At the beginning of 2009, it seemed that resource developers and junior producers without profitable operations were indiscriminately priced by the market as if they were going out of business. Companies with solid assets such as Etruscan we believed had good potential to acquire capital and remain viable. "Unless the world was coming to an end," we assumed that speculators would come in at low valuations and markets would stabilize. It appeared that even with additional dilution, following an historic market sell off, existing shareholders or new investors with the courage to ante up near 52-week lows would be rewarded by the end of the year.
Etruscan had a number of assets that could be monetized by joint venture or sale. Etruscan controls about 10,000 sq. km, the largest land position of any mining company in West Africa, and consequently may be best positioned for exploration success. Etruscan also has rare earth targets in Namibia, and interests in alluvial diamond operations in South Africa. In addition to Youga, an operating gold mine, Etruscan reported a gold resource of over three million ounces in West Africa and had recently produced a Feasibility Study for its Agbaou project in Côte d’Ivoire. Lastly, Etruscan management and its exploration team had worked together through metal cycles and had a history of experience in the countries in which it is operated.
We were correct inasmuch as the world did not end, and consequently our half dozen picks were up an average of 73.4%, 111.3%, and 113.7% from the beginning of 2009 through the end of March, June and September, respectively. Whereas most of the picks enjoyed the greatest appreciation in the first quarter of 2009, Etruscan trailed the pack, declining to US$0.16 per share on July 8, 2009 after starting the year at US$0.43 per share. Following the announcement on September 23, 2009 of the equity financing by Endeavour Financial Corporation (TSX: EDV), Etruscan appreciated to a high of US$0.49 per share. A shareholder’s meeting has been scheduled for October 22, 2009 for a vote on the private placement by Endeavour.
The placement is anticipated to result in a comprehensive restructure of the bank debt and to relieve significant financial pressures that may jeopardize Etruscan as a going concern. The financial backing by Endeavour allowed for the reduction of the hedge book and deferment of principal repayment, providing an immediate increase in cash flow from existing operations. The placement will provide increased working capital for both the Youga operation and at the corporate level, important for preserving and maximizing other opportunities. At closing, Endeavour will own about 54% of Etruscan, with Etruscan being the first acquisition in its roll up strategy to create an intermediate size gold company.
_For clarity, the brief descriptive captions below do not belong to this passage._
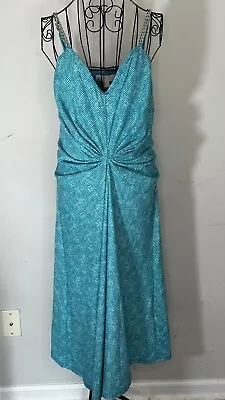 MICHAEL KORS Women's Aqua Twist Front Chain Adjustable Spaghetti Strap Dress L • $89.99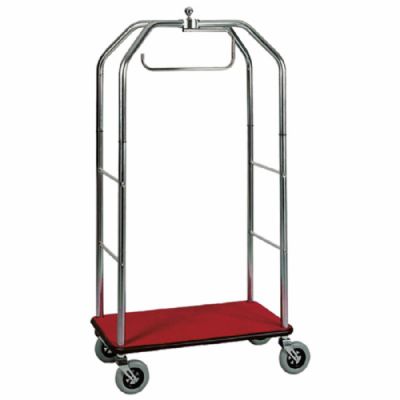 Chariot pour bagages et vtements chrom base rouge avec capacit 150 kg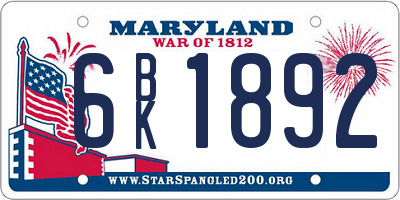 MD license plate 6BK1892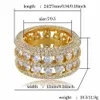 Dubbla rader ringar hiphop lysande 18k Real Gold Plated Cubic Zircon Diamond Finger Ring Jewelry4629674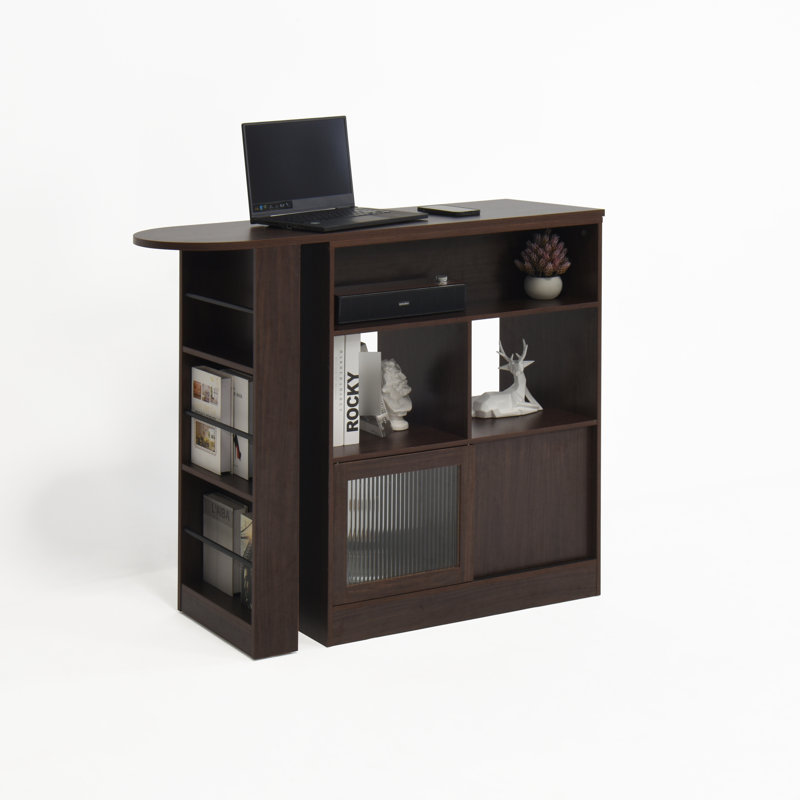 Armoire à 6 espaces de rangement avec plateau rotatif et vernis noyer pour les espaces de style moderne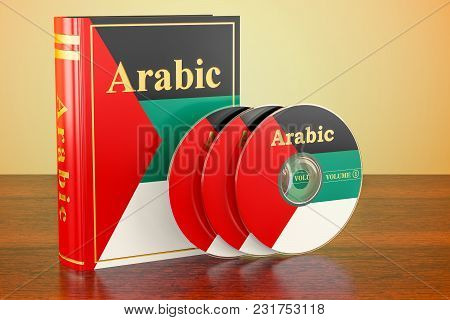 Arabic Book With Cd Discs On The Wooden Table. 3d Rendering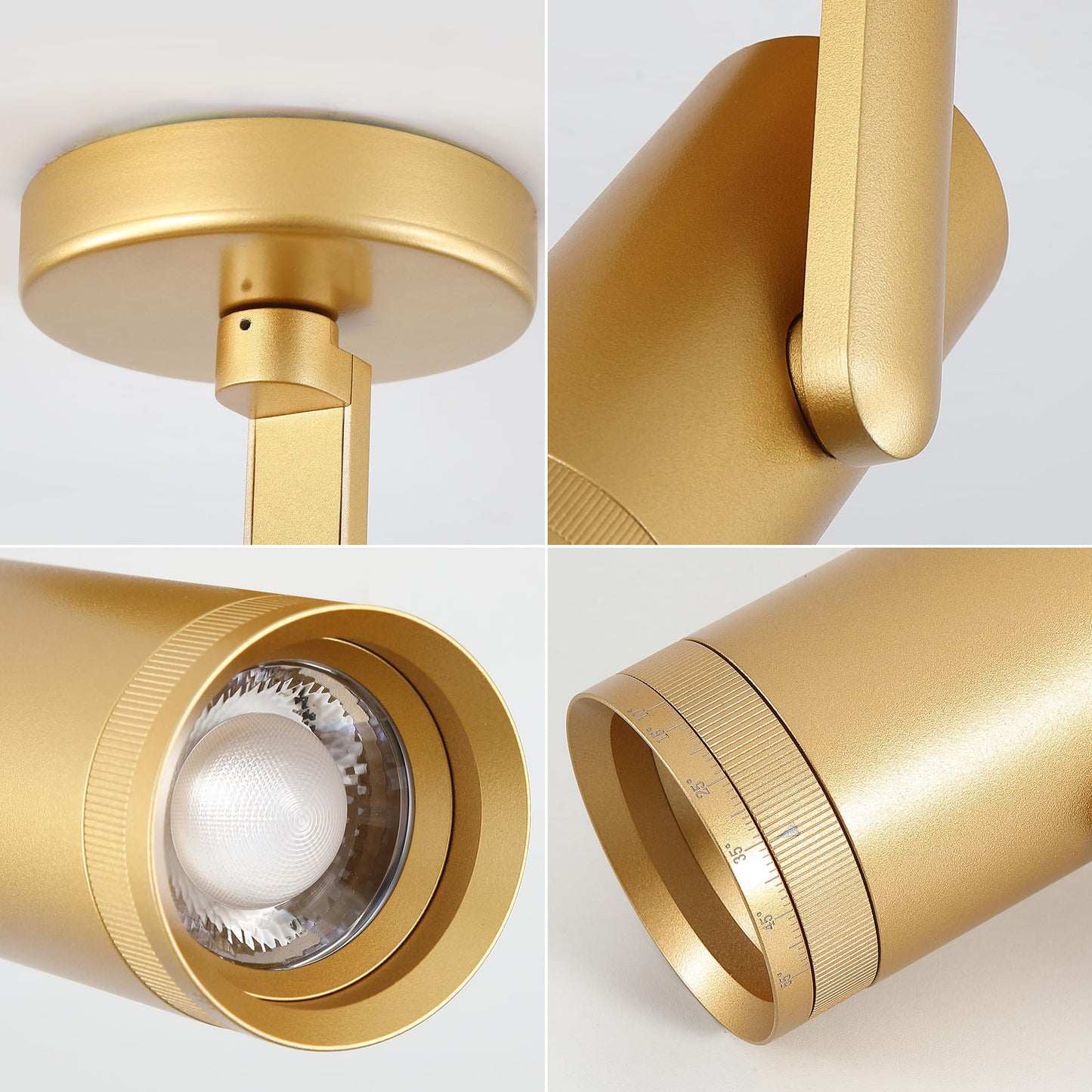 Opulux 12W LED Dimmable Zoomable Ceiling Spotlight Indoor – Adjustable Surface Mount Accent Light for Corridor, Living Room, Plants & Painting | Warm White 3000K CRI 97, Flicker-Free, Gold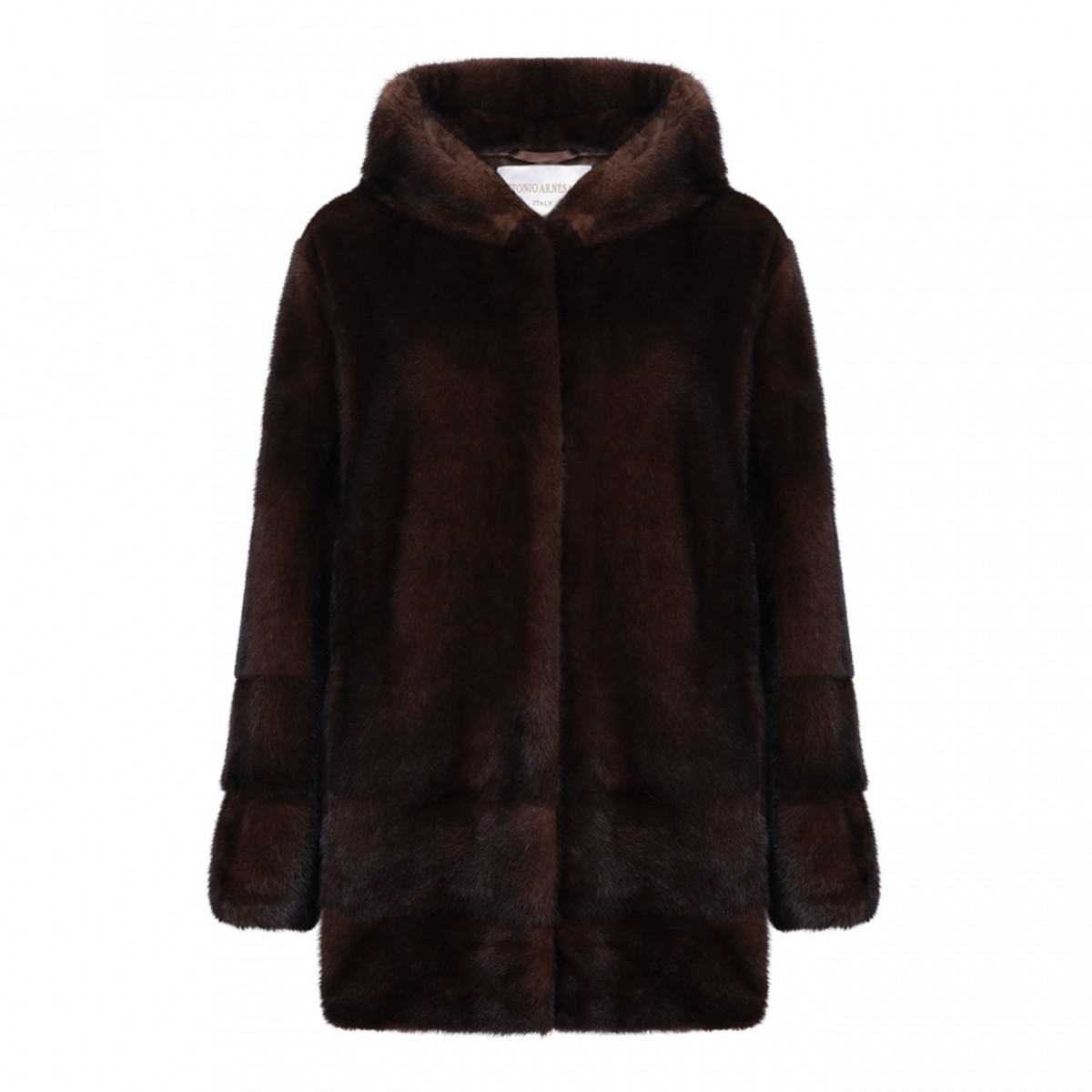 Dark Brown Mink Fur Midi Coat with Hood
Etruscan’s Challenges Enhanced by Under-Capitalization
Etruscan was undercapitalized at the start of 2009 and needed to raise funds for working capital while gold production operations were optimized. In February of 2009, Etruscan raised essential working capital of C$10.5 million (for 26,315,789 common shares and 6,890,741 warrants) from Maxim Finskiy, the CEO of LLC MC Intergeo, the mining and exploration arm of the private Russian investment fund Onexim Group. Prior to that position, Finskiy was the Deputy General Director and Deputy Chairman of the Management Board of MMC Norilsk Nickel from 2001 to 2009.
The investment by Finskiy was consistent with our investment thesis that companies with good assets would attract speculators. It followed our conviction that profit maximizing investors would make capital available, assure investors, and erase the discount in the market for uncertain company viability. This should allow both the stock price to return to levels prior to the sell off and permit management to maximize its inherent opportunities. Finskiy fit the bill, even though the cash infusion did not adequately capitalize Etruscan. Finskiy took part in a later US$5 million debt financing and brought in Stephen Stine to become the new Chief Operating Officer and assume responsibility for on-site operations at Youga.
Stine had over 37 years of mining experience, at all levels in a wide variety of settings. It was apparent to us that Stine’s level of interest to Youga at this advanced stage in his career was consistent with our opinion of the project’s potential. Youga produced only 3,626 ounces of gold in May (Stine having taken over at the end of April), which increased to 5,127 ounces in June and 6,093 ounces in July with a target of 7,000 ounces for September. In anticipation of weaker than anticipated performance in its second quarter, Etruscan’s stock price declined to the low for the year. Production continued to improve to 6,526 ounces and 6,600 for August and September, respectively.
It would appear that Stine was important for improving production through September. Part of the failure to meet the September goal of 7,000 ounces may be attributed to the temporary suspension of operations to connect with grid power with the electric utility in Burkina Faso (SONABEL) in partnership with the Volta River Authority (VRA), a Ghanaian power utility. The initial rate for grid power is US$0.13/kwh compared to US$0.33/kwh for diesel generated power. This represents a monthly cost savings of US$250,000 to US$300,000 or roughly $50 per ounce. In addition to reduced costs, the connection to the grid provides a consistent and more reliable source of power than relying on the diesel generators, which were originally intended for back-up power only. Overall, it would appear that operations at Youga are stabilizing, and at current gold prices, with restructuring of debt and the hedge book, the project should be profitable.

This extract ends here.